The task: Among the entries that follow, locate the line with "Erkek Slim Fit" and the line with "Australia Indigenous Women". Output those lines and all lines in between, exactly, minus the pictures.

Recorded data:
┌──

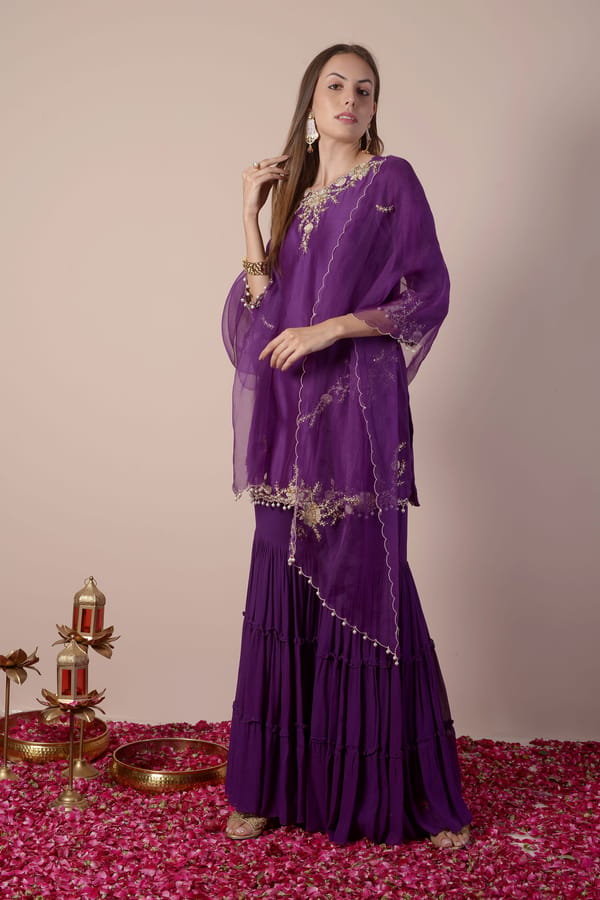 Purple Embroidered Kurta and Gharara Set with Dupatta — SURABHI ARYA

└──
┌──

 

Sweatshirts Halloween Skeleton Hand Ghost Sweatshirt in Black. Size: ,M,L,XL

└──
┌──

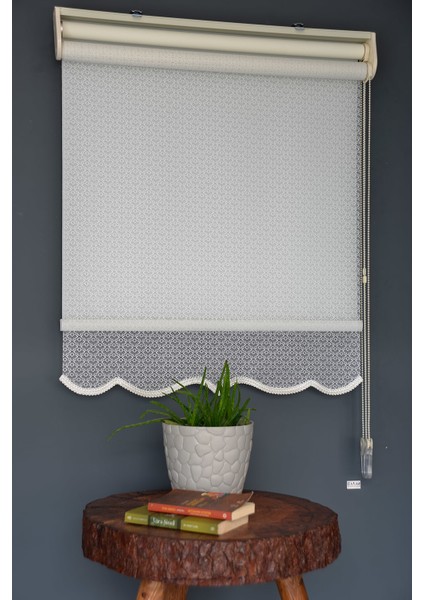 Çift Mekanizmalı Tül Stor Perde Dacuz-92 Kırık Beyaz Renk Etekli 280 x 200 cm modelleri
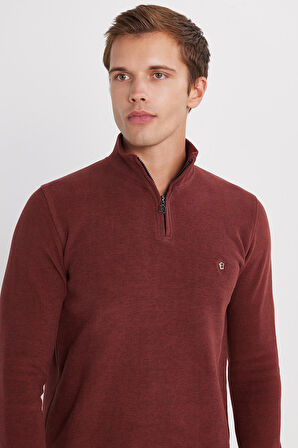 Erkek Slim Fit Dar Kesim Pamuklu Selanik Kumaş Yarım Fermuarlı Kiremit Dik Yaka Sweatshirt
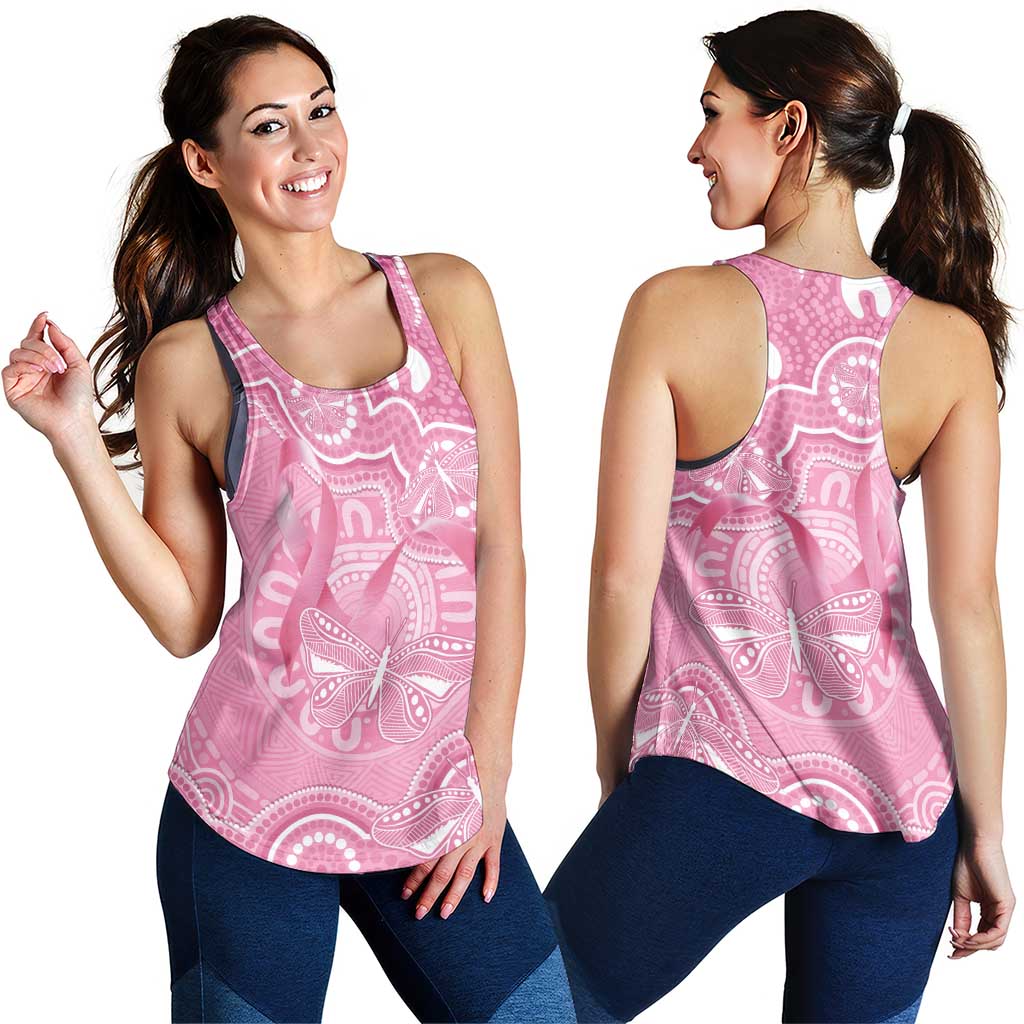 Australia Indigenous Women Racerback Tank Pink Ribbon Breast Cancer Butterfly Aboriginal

└──

Written answer:
 Erkek Slim Fit Dar Kesim Pamuklu Selanik Kumaş Yarım Fermuarlı Kiremit Dik Yaka Sweatshirt
 Australia Indigenous Women Racerback Tank Pink Ribbon Breast Cancer Butterfly Aboriginal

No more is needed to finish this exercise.